The observations are particularly valuable in remote and under-monitored regions. Large river systems such as the Amazon, Congo, and Mekong include areas where conventional measurements are sparse or difficult to maintain. SWOT provides a uniform observational framework that allows direct comparison between river systems worldwide.

The mission also contributes to climate science. Hydrological cycles are strongly influenced by climate variability and long-term warming trends. Changes in precipitation patterns, glacier melt, and evapotranspiration affect river behavior at continental scales. Continuous global measurements improve the ability of climate models to represent freshwater transport and storage, reducing uncertainty in future projections.

Flood forecasting is another major application. River floods develop through complex interactions between rainfall, upstream flow, terrain, and infrastructure. High-resolution measurements of water surface elevation and floodplain extent improve the initialization and validation of hydrodynamic models. This can enhance prediction accuracy and support emergency management efforts.

The engineering challenge extends beyond the spacecraft itself into data processing and distribution. SWOT generates large volumes of radar data that must be converted into scientifically usable products. Signal processing algorithms remove atmospheric effects, radar noise, and surface scattering artifacts. Water detection algorithms distinguish rivers and lakes from surrounding terrain. Calibration systems ensure long-term consistency across observations.

The resulting datasets include measurements of river width, surface elevation, slope, and spatial extent. Combining these measurements with hydrological models allows scientists to estimate discharge and water storage changes over time. The data are distributed to researchers worldwide, enabling applications across hydrology, ecology, climate science, and resource management.

The mission also highlights the increasing role of international collaboration in Earth observation. Large-scale hydrological monitoring requires expertise in radar engineering, orbital systems, geophysics, and computational science. Contributions from multiple space agencies allowed the mission to combine technical capabilities and scientific objectives into a unified observational system.

From a broader perspective, SWOT represents a transition in how freshwater systems are studied. Historically, river science relied heavily on point measurements and regional studies. SWOT introduces a planetary-scale observational framework where rivers can be monitored consistently across continents and over time. This changes not only the quantity of available data, but also the types of scientific questions that can be addressed.

Researchers can now analyze interactions between river systems and climate processes globally rather than locally.

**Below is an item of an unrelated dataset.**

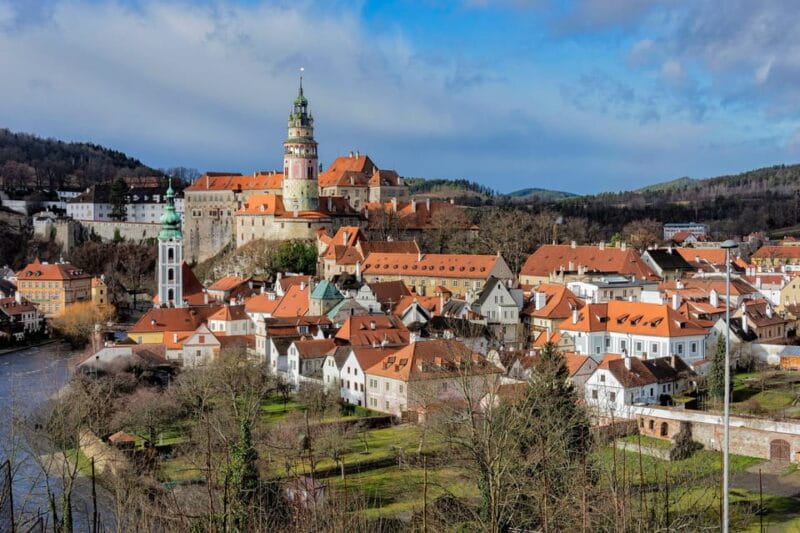 Daytrip from Prague to eský Krumlov - Final thoughts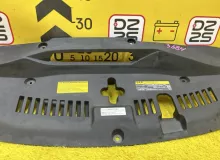 Накладка на телевизор TOYOTA CROWN 2014 5329530160 AWS210 2ARFSE, передняя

They can observe how drought propagates through watersheds, how floodplains evolve seasonally, and how human activities alter natural flow patterns. The continuity and spatial coverage of the measurements provide a level of context that was previously unavailable.

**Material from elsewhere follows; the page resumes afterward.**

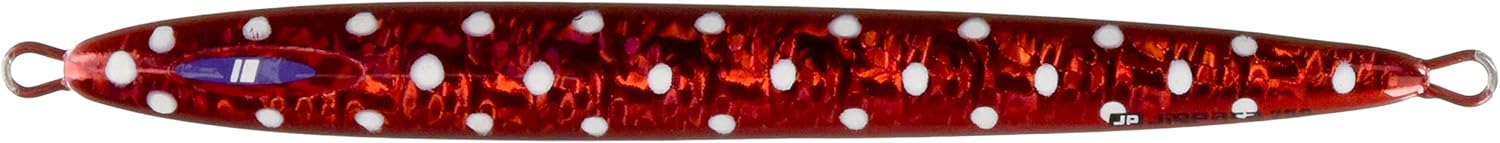 Major Craft Jig para Rubber Chical Long Throw Metal Jig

The Mississippi River, the Amazon, and thousands of smaller systems can now be studied within the same measurement framework. This consistency improves comparative analysis and strengthens the ability to identify large-scale hydrological trends.

In practical terms, SWOT provides a new observational capability for managing one of Earth’s most important resources: freshwater. Scientifically, it represents one of the most advanced applications of radar interferometry in Earth observation. By transforming rivers into continuously measured global systems, the mission expands both the scale and precision of hydrological science.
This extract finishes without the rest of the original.